> **Task objective**
Each record that follows goes into your reply unchanged; the pictures do not.

[[ Input for this task open ]]

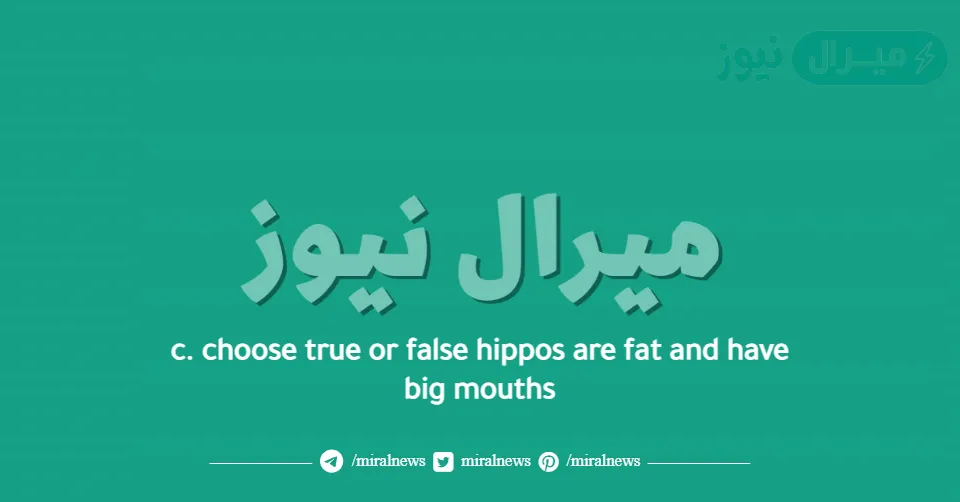 c. choose true or false hippos are fat and have big mouths
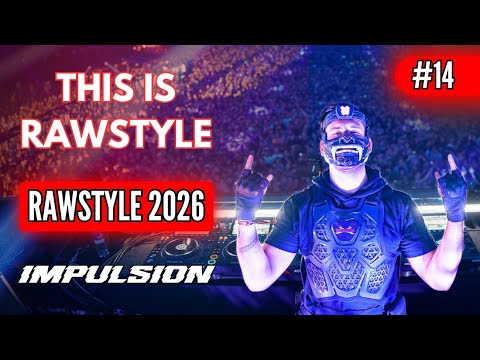 This Is Rawstyle #14 - Mix Impulsion 2026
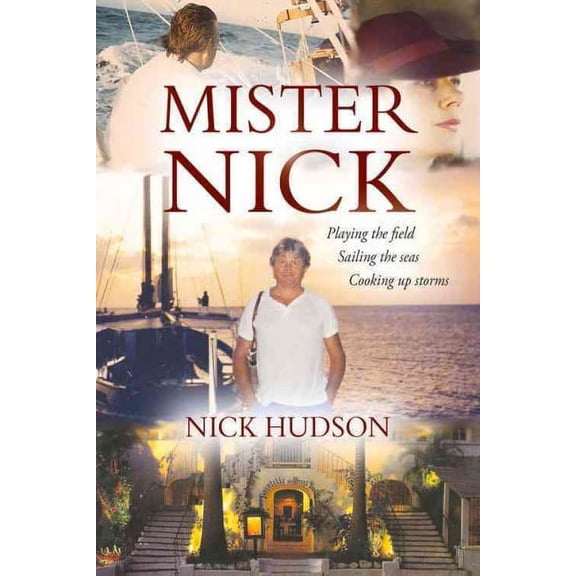 Mister Nick : Playing the Field - Sailing the Seas - Cooking Up Storms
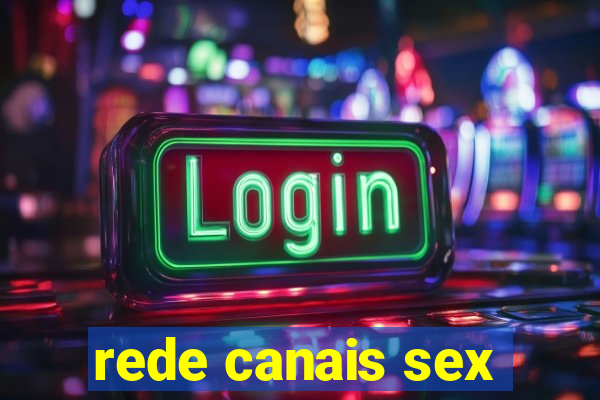 rede canais sex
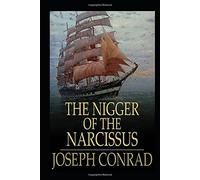 The Nigger of the 'Narcissus':Illustrated Edition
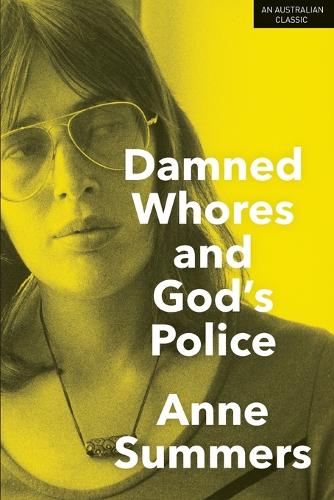 Бумажная книга «Damned Whores and God's Police», автор Энн Саммерс - фото №1
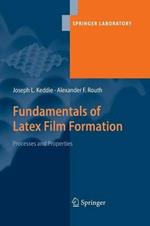 Fundamentals of Latex Film Formation: Processes and Properties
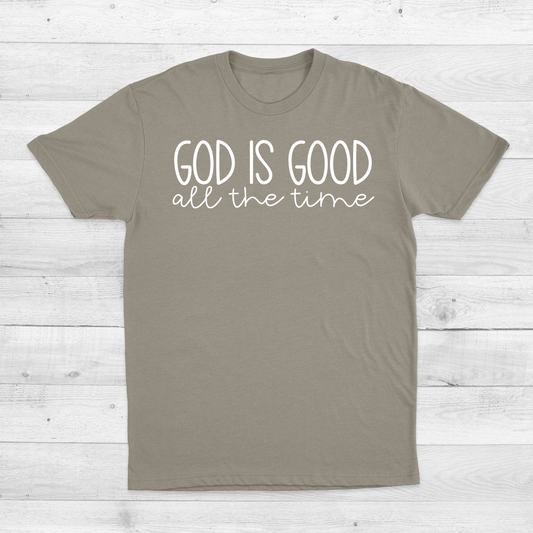 God is Good All the Time Graphic Tee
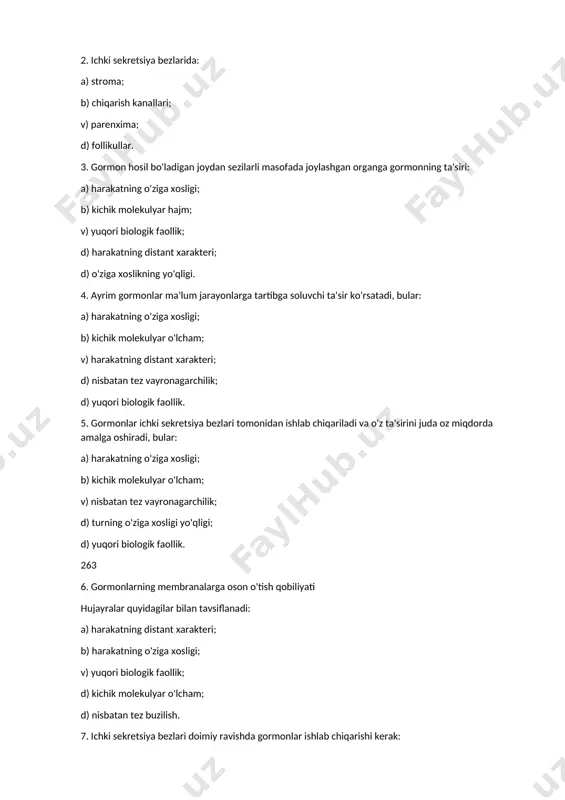 'sir ko'rsatadi, bular: a) harakatning o'ziga xosligi; b) kichik molekulyar o'lcham; v) harakatning distant xarakteri; d) nisbatan tez vayronagarchilik; d) yuqori biologik faollik. 5. gormonlar ichki sekretsiya bezlari tomonidan ishlab chiqariladi va o'z ta'sirini juda oz miqdorda amalga oshiradi, bular: a) harakatning o'ziga xosligi; b) kichik molekulyar o'lcham; v) nisbatan tez vayronagarchilik; d) turning o'ziga xosligi yo'qligi; d) yuqori biologik faollik. 263 6. gormonlarning membranalarga oson o'tish qobiliyati hujayralar quyidagilar bilan tavsiflanadi: a) harakatning distant xarakteri; b) harakatning o'ziga xosligi; v) yuqori biologik faollik; d) kichik molekulyar o'lcham; d) nisbatan tez buzilish. 7. ichki sekretsiya bezlari doimiy ravishda gormonlar ishlab chiqarishi kerak: a) harakatning o'ziga xosligi tufayli; b) harakatning distant xarakteri; v) gormonlarni to'qimalar tomonidan tez yo'q qilish; d) yuqori biologik faollik; d) kichik molekulyar hajm. 8. ichki sekretsiya bezlari ishlab chiqaradi va ajratadi qonga biologik faol moddalar kiradi, ular deyiladi: a) gormonlar; b) fermentlar; c) sirlar; d) sharbatlar; d) …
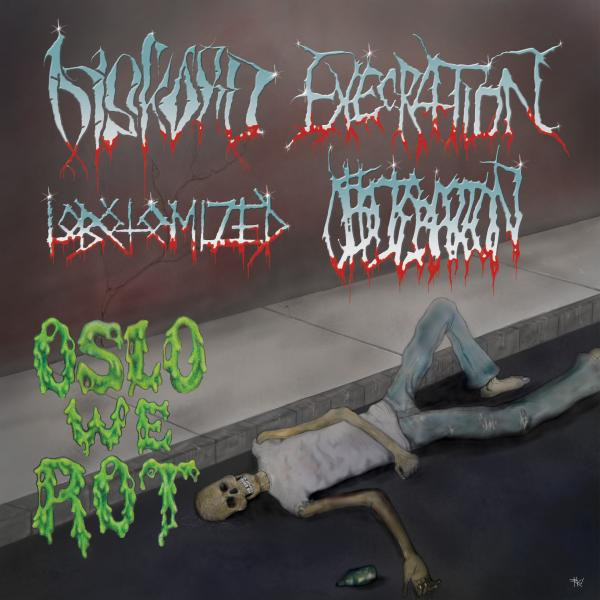 Oslo We Rot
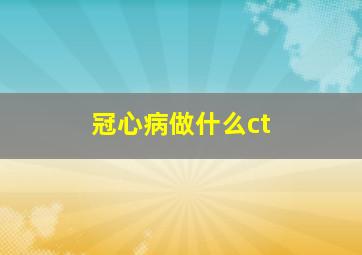 冠心病做什么ct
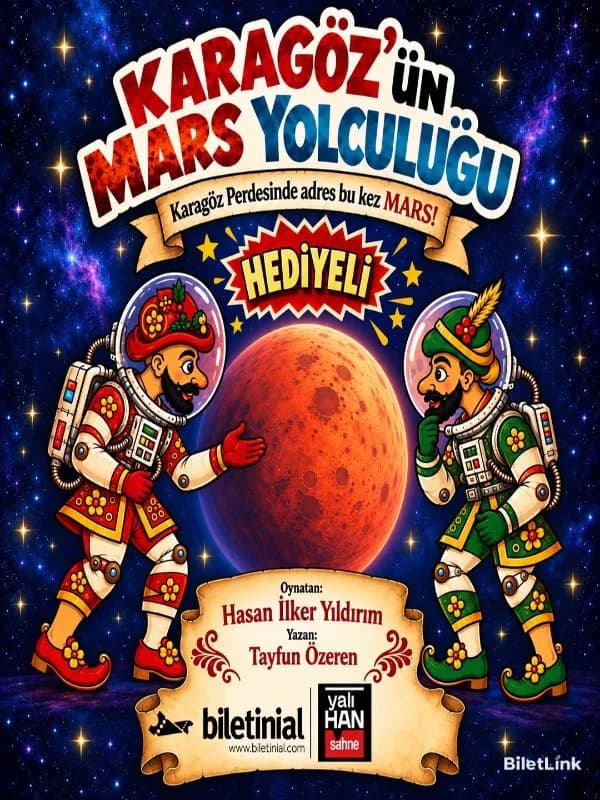 Karagöz'ün Mars Yolculuğu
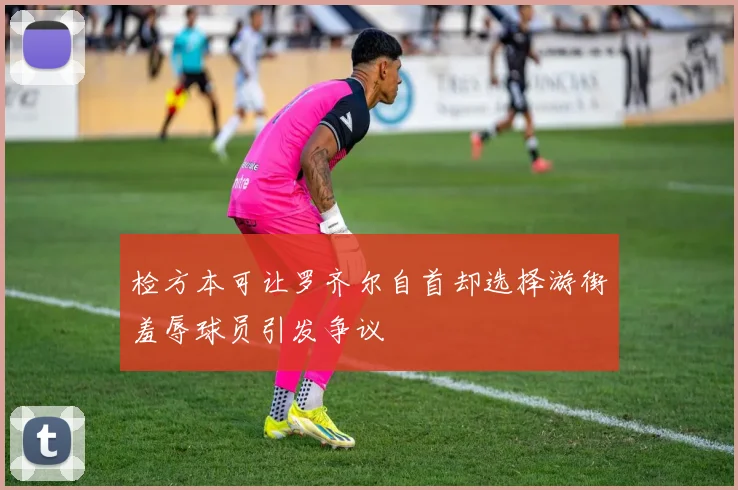 检方本可让罗齐尔自首却选择游街羞辱球员引发争议
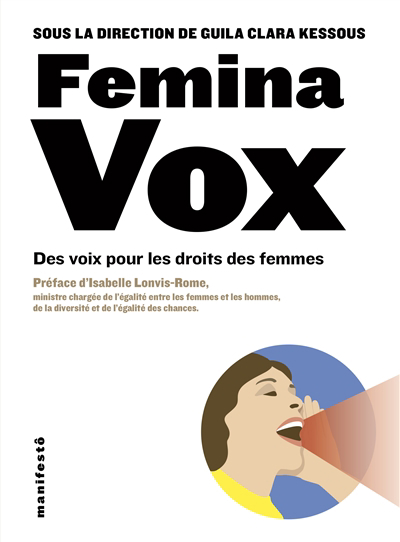 Femina vox : des voix pour les droits des femmes | Kessous, Guila Clara
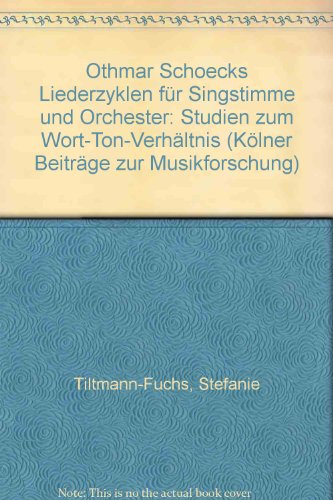 Tiltmann-Fuchs, Stefanie:  Othmar Schoecks Liederzyklen für Singstimme und Orchester. Studien zum Wort-Ton-Verhältnis. 
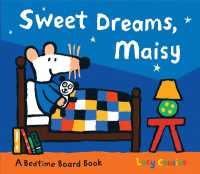 Sweet Dreams, Maisy : (Bedtime Storybook about Maisy the Mouse's Sleep Routine - Board Book for Toddlers, Preschoolers, and Kids Ages 3-7) (Maisy) （Board Book）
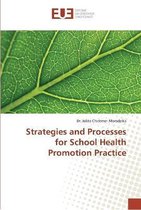 Strategies and Processes for School Health Promotion Practice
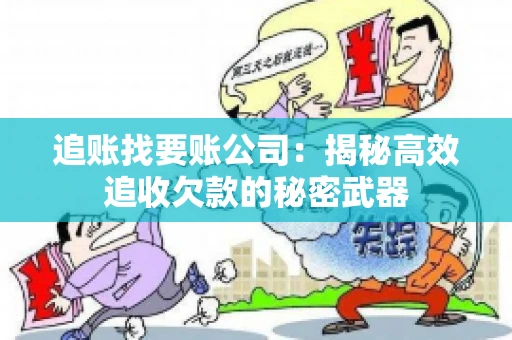 追账找要账公司：揭秘高效追收欠款的秘密武器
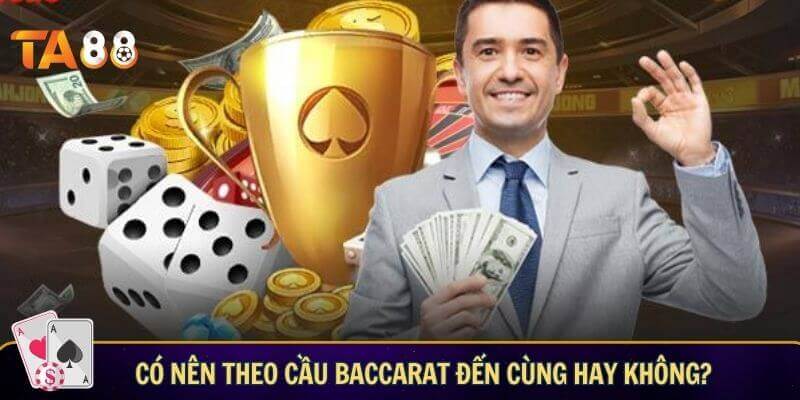 Có nên theo cầu baccarat đến cùng hay không?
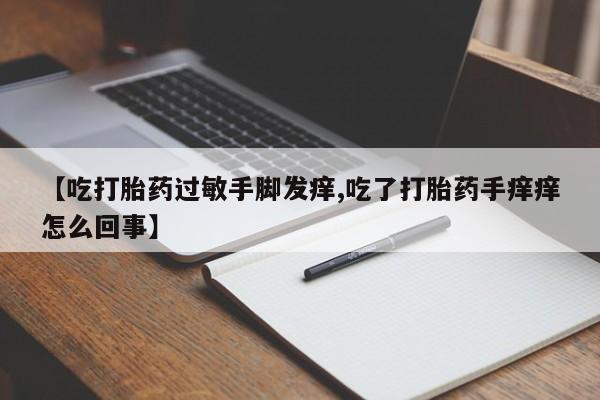 怀孕三个月用打胎药购买微信【吃打胎药过敏手脚发痒,吃了打胎药手痒痒怎么回事】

[[ Input for this task closed ]]

> **Response below**
 c. choose true or false hippos are fat and have big mouths
 This Is Rawstyle #14 - Mix Impulsion 2026
 Mister Nick : Playing the Field - Sailing the Seas - Cooking Up Storms
 rede canais sex
 The Nigger of the 'Narcissus':Illustrated Edition
 Бумажная книга «Damned Whores and God's Police», автор Энн Саммерс - фото №1
 Fundamentals of Latex Film Formation: Processes and Properties
 God is Good All the Time Graphic Tee
 'sir ko'rsatadi, bular: a) harakatning o'ziga xosligi; b) kichik molekulyar o'lcham; v) harakatning distant xarakteri; d) nisbatan tez vayronagarchilik; d) yuqori biologik faollik. 5. gormonlar ichki sekretsiya bezlari tomonidan ishlab chiqariladi va o'z ta'sirini juda oz miqdorda amalga oshiradi, bular: a) harakatning o'ziga xosligi; b) kichik molekulyar o'lcham; v) nisbatan tez vayronagarchilik; d) turning o'ziga xosligi yo'qligi; d) yuqori biologik faollik. 263 6. gormonlarning membranalarga oson o'tish qobiliyati hujayralar quyidagilar bilan tavsiflanadi: a) harakatning distant xarakteri; b) harakatning o'ziga xosligi; v) yuqori biologik faollik; d) kichik molekulyar o'lcham; d) nisbatan tez buzilish. 7. ichki sekretsiya bezlari doimiy ravishda gormonlar ishlab chiqarishi kerak: a) harakatning o'ziga xosligi tufayli; b) harakatning distant xarakteri; v) gormonlarni to'qimalar tomonidan tez yo'q qilish; d) yuqori biologik faollik; d) kichik molekulyar hajm. 8. ichki sekretsiya bezlari ishlab chiqaradi va ajratadi qonga biologik faol moddalar kiradi, ular deyiladi: a) gormonlar; b) fermentlar; c) sirlar; d) sharbatlar; d) …
 Oslo We Rot
 冠心病做什么ct
 Karagöz'ün Mars Yolculuğu
 检方本可让罗齐尔自首却选择游街羞辱球员引发争议
 Femina vox : des voix pour les droits des femmes | Kessous, Guila Clara
 Tiltmann-Fuchs, Stefanie:  Othmar Schoecks Liederzyklen für Singstimme und Orchester. Studien zum Wort-Ton-Verhältnis. 
 Sweet Dreams, Maisy : (Bedtime Storybook about Maisy the Mouse's Sleep Routine - Board Book for Toddlers, Preschoolers, and Kids Ages 3-7) (Maisy) （Board Book）
 Strategies and Processes for School Health Promotion Practice
 追账找要账公司：揭秘高效追收欠款的秘密武器
 Có nên theo cầu baccarat đến cùng hay không?
 怀孕三个月用打胎药购买微信【吃打胎药过敏手脚发痒,吃了打胎药手痒痒怎么回事】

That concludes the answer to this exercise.